Restate the following data in its entirety, word for word and without images.

▶ [Image-caption web data]:
····················

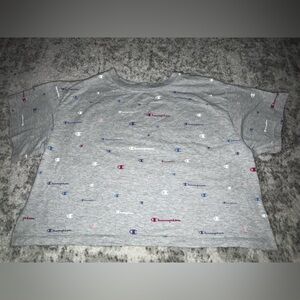 NWOT Champion Gray Logo Print Short Sleeve Cropped Top Size: Large never worn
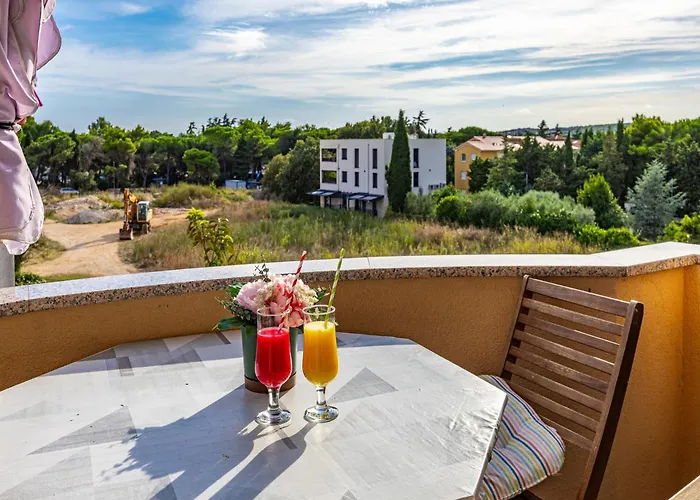 Apartment In Near Bijeca *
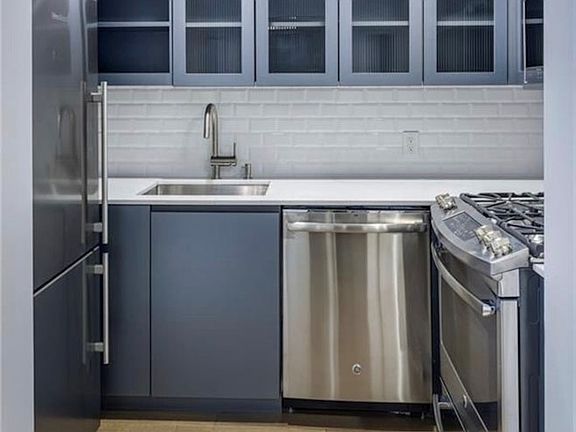 3rd image of 308 E 38th St APT 3C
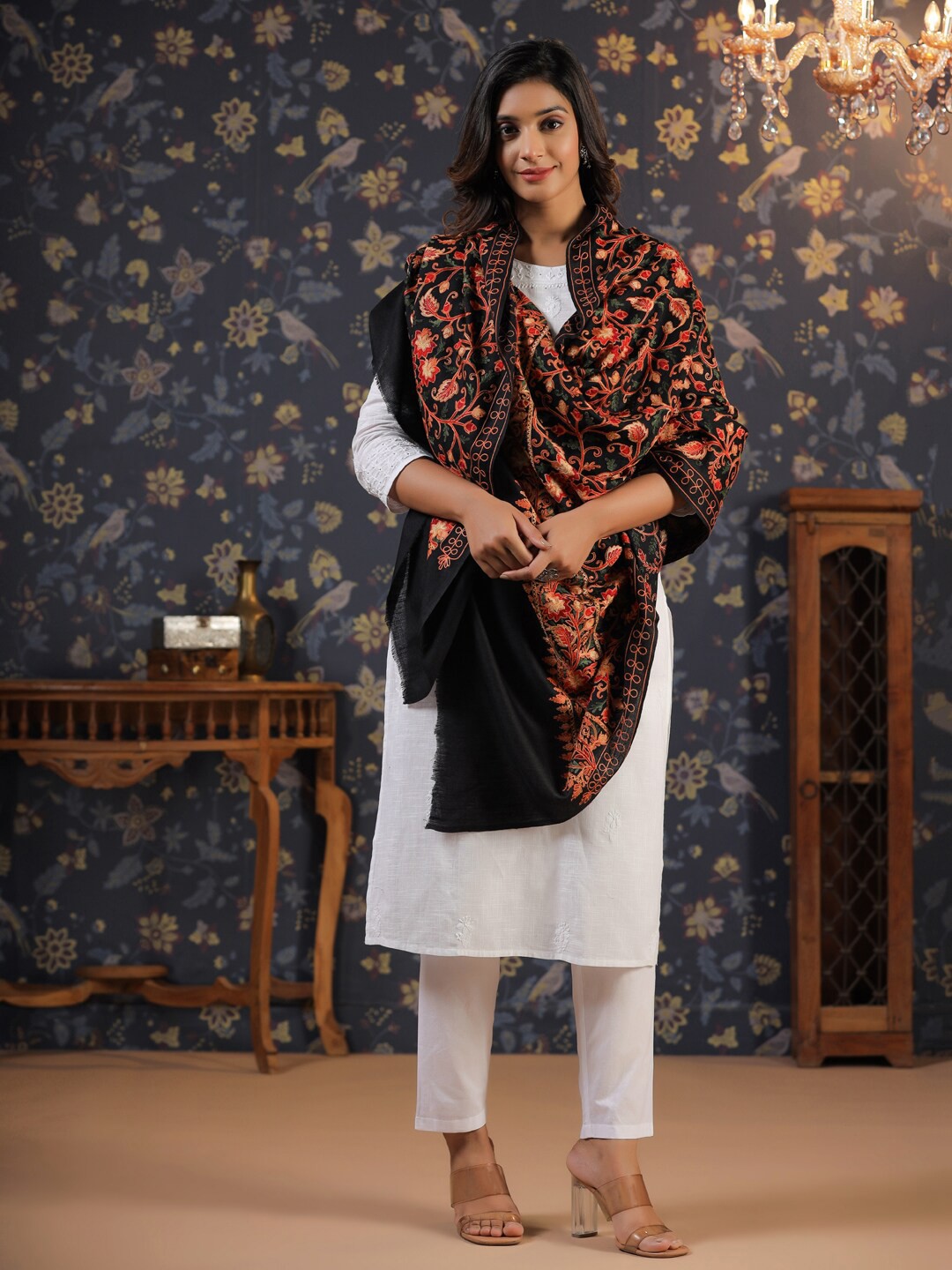 

House of Pataudi Black Floral Embroidered Wool & Acrylic Shawl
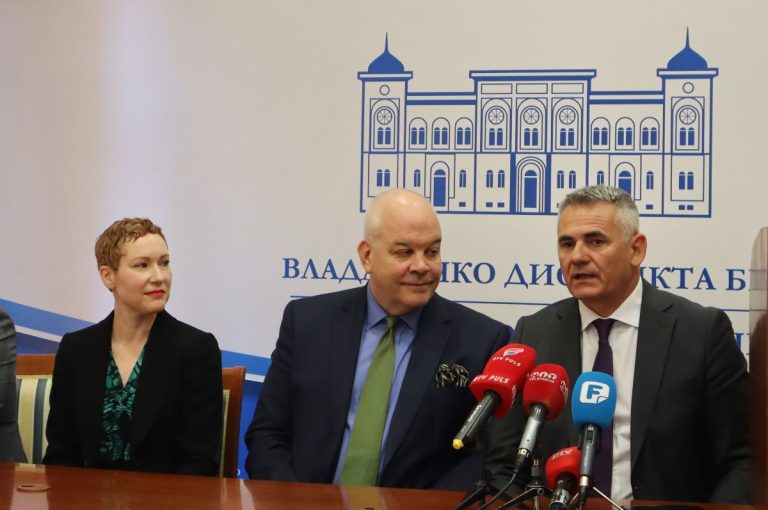 Zvaničnici Brčko distrikta održali sastanak sa šefom Misije OEBS-a u BiH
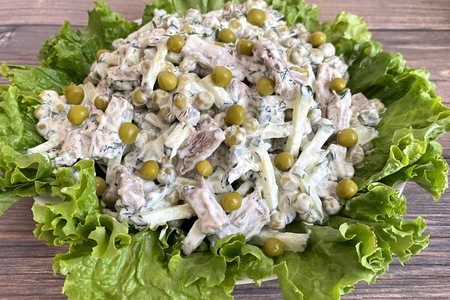 Фото к рецепту: Салат с мясом - быстро и вкусно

····················

▶ [Output for this task]:
 NWOT Champion Gray Logo Print Short Sleeve Cropped Top Size: Large never worn
 Apartment In Near Bijeca *
 3rd image of 308 E 38th St APT 3C

House of Pataudi Black Floral Embroidered Wool & Acrylic Shawl
 Zvaničnici Brčko distrikta održali sastanak sa šefom Misije OEBS-a u BiH
 Фото к рецепту: Салат с мясом - быстро и вкусно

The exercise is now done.